Salesforce Marketing Cloud

Increase marketer confidence at the time of "send"

Salesforce Marketing Cloud

Crafting "an Experience" for Digital Marketers

Methods Used
Channels & Touchpoints Mapping
Experience Mapping
Competitive Analysis
Exemplar Collection
User Interviews
Participatory Design

Project Timeline - Sep to Nov 2019

Meet the team

Lexie Li
Penny Chiang
Yuhao Shi
Varna Das

Design Brief

Increase marketer confidence at the time of “send”

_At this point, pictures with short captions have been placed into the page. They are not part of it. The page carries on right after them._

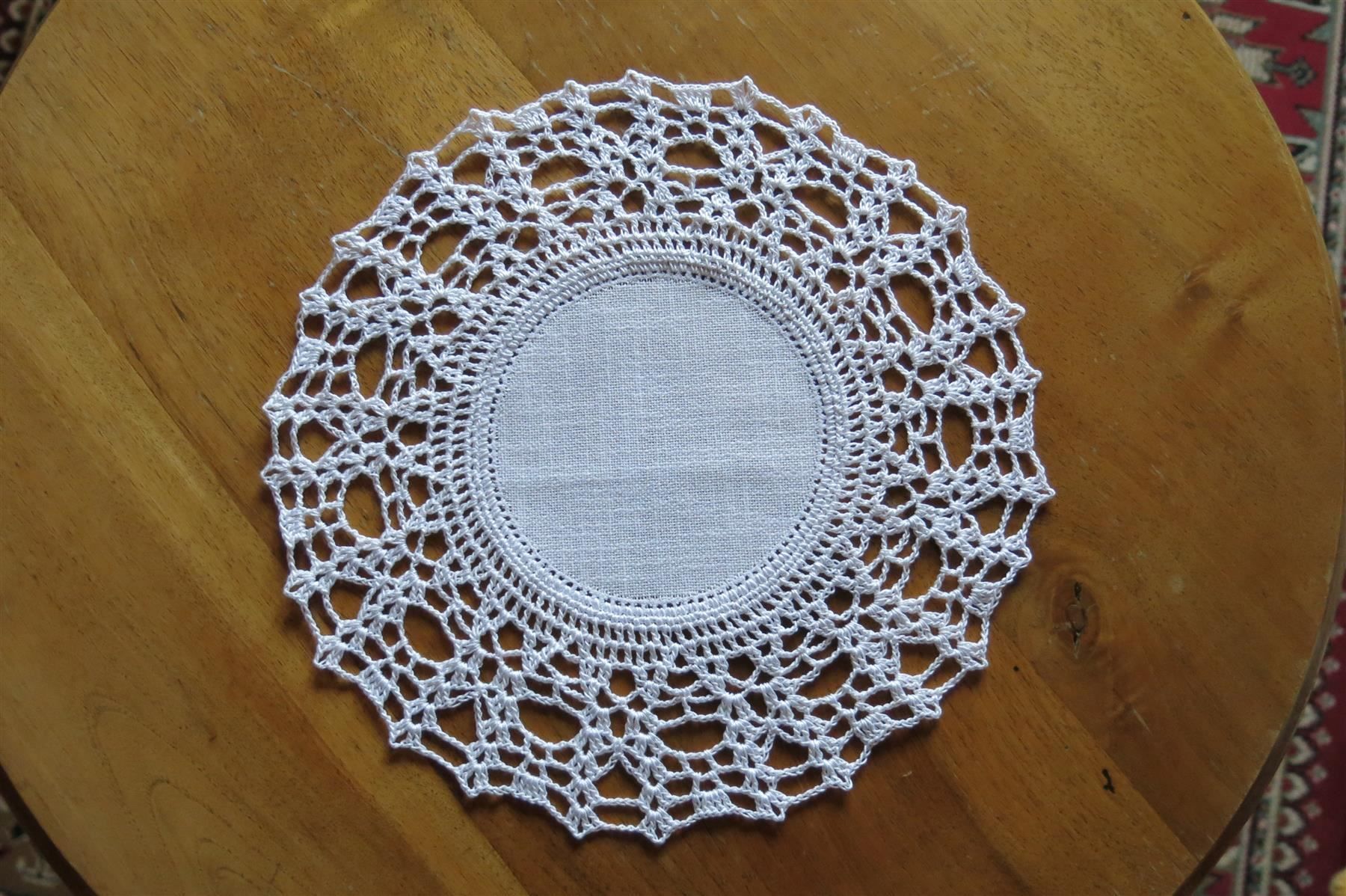Tutte le decorazioni: Rundes Häkeldeckchen ca 26 cm /weiss – Nuovo (secondo la descrizione) da Schaffhausen venduto da Espressoo7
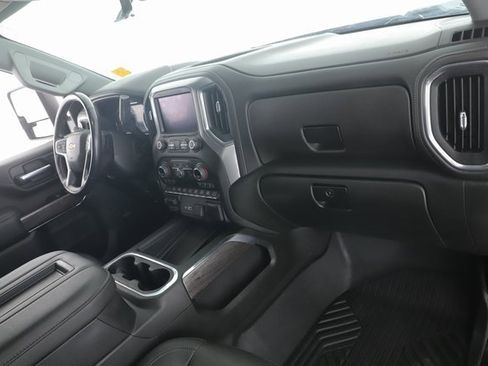 Used 2022 Chevrolet Silverado 2500 LTZ w/ LTZ Premium Package image 29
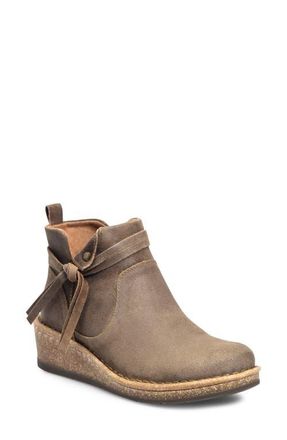 B&oslash;rn Vaughn Distressed Suede Bootie in Taupe Distressed Leather at Nordstrom, Size 7.5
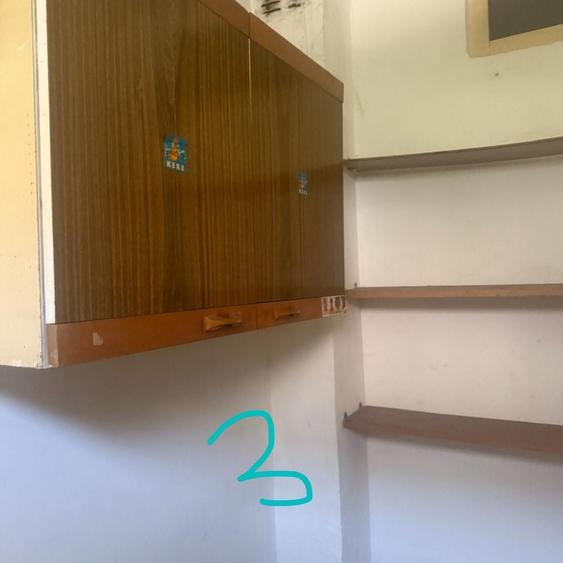 Apartament cu 3 camere semidecomandat în Petros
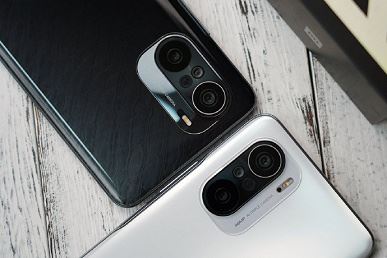 Лидер Xiaomi наконец показал новые флагманы Redmi вживую в чёрном и белом цветах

As a part of my Experience Design course, our class partnered with the Salesforce Marketing Cloud team, specifically the product Journey Builder. The experience problem was that marketers feel low confidence while sending the campaign email to target audiences.

What is Marketing Cloud?

Salesforce Marketing Cloud is a provider of digital marketing automation and analytics software and services. It is platform for marketers that allows them to create and manage marketing relationships and campaigns with customers.

Who are the Customers?

As "marketing" becomes more than delivering a piece of print to a broad audience, Marketing Specialist develop and execute marketing campaigns by delivering it to target audiences through channels across email, social media, SMS, etc.

Why is the situation Problematic?

The nuance of a successful marketing campaign lies not only on planning the right content, audience, and time but also should maintain consistency with brand mission, vision, and values. 

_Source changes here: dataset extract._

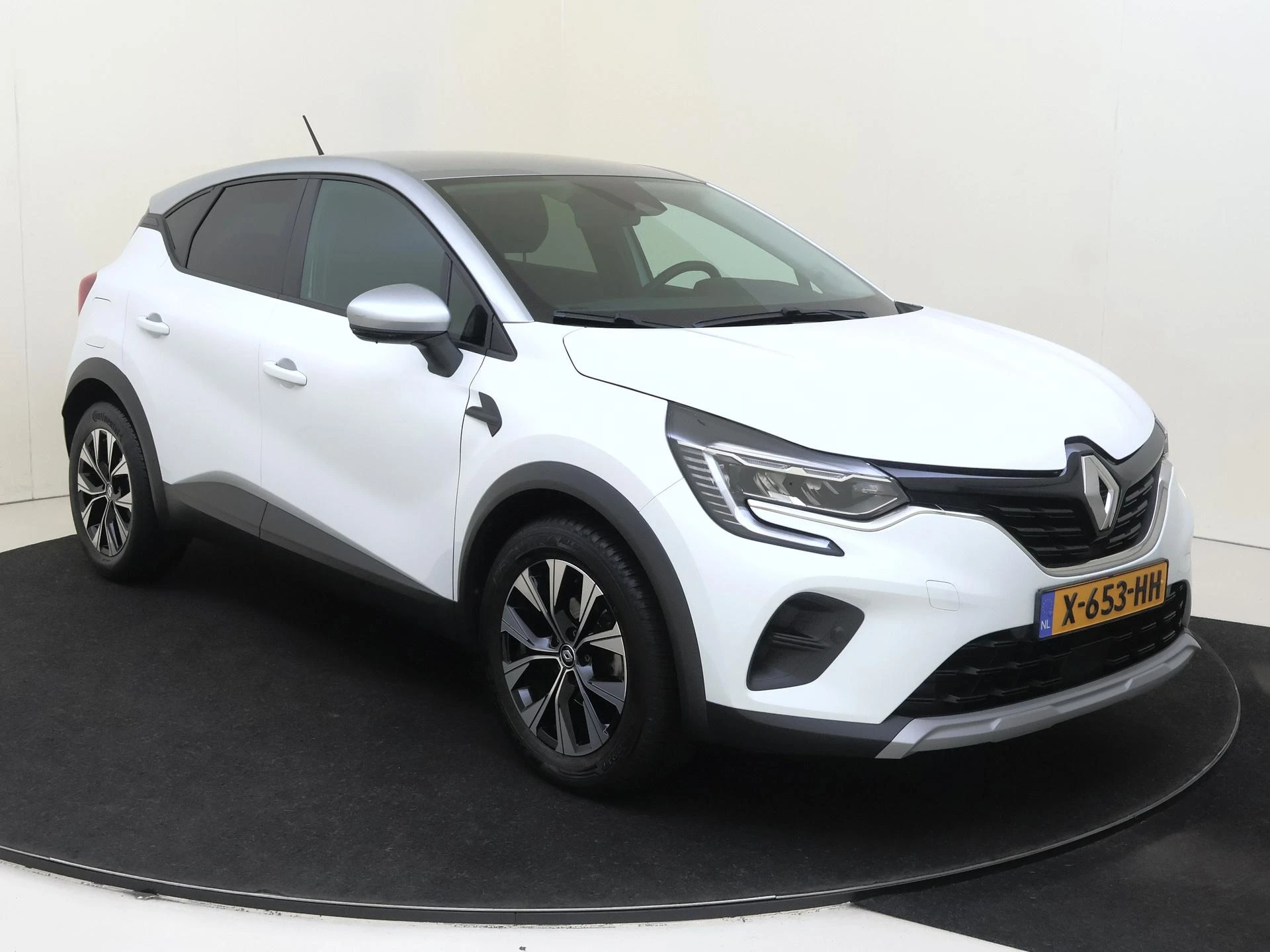 Renault-Captur-image-1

Despite the sophistication, the current tools lack the ability to distill enough confidence and trust for users to activate and send the marketing "Journey". 

Why is the situation Problematic?

The nuance of a successful marketing campaign lies not only on planning the right content, audience, and time but also should maintain consistency with brand mission, vision, and values. Despite the sophistication, the current tools lack the ability to distill enough confidence and trust for users to activate and send the marketing "Journey". 

Our Concept

Digital marketers are responsible for translating the beautifully crafted campaign strategy from theory to action. But this transition is not always smooth and simple. Being an expert in the digital marketing domain requires deep understanding of Journey Builder which is a complex yet immensely powerful tool. For an innovative marketer who is passionate about serving millions of customers and driving business, visually mapping out the pathways, interactions configurations is a creative and enjoyable experience. But, be it an expert or novice marketer, the more they look at a journey ,the more they get immune to seeing the nuances and blind-spots within. With the complexity of the tool and a huge amount of audience the fear of making mistakes is inevitable contributing to the low confidence while sending the campaign.

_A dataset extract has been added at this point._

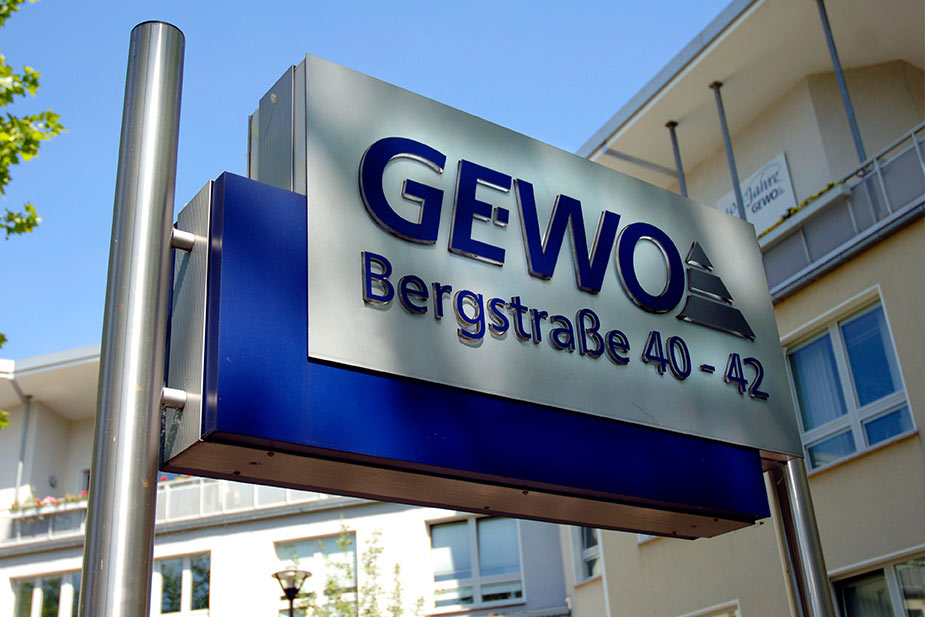 Ausbau des Breitbandnetzes mitGlasfaser in Oberhausen-Osterfeld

Our concept is to provide marketers with a fresh pair of eyes to check the campaign and gain more clarity and reassurance before sending.

Looking at the journey through a pair of fresh eyes will give new perspectives to the marketers and help the see through the blind-spots and correct the mistakes before it becomes irreversible.

Meet the Persona- Karen, the Marketing Specialist

I like discovering new things. I like to see how the campaign's performing, how my decisions bring some extra revenue and prove to my team, to my colleagues, that our decision was the right one.

Karen is a Marketing Specialist who is passionate about executing successful campaigns and using analytics to find valuable insights. She spends at least 5 hours per day using Salesforce Journey Builder tool- Executing on the marketing plan, developing, scheduling, and sending marketing communications, Analyzing data to drive decisions and Monitoring campaigns.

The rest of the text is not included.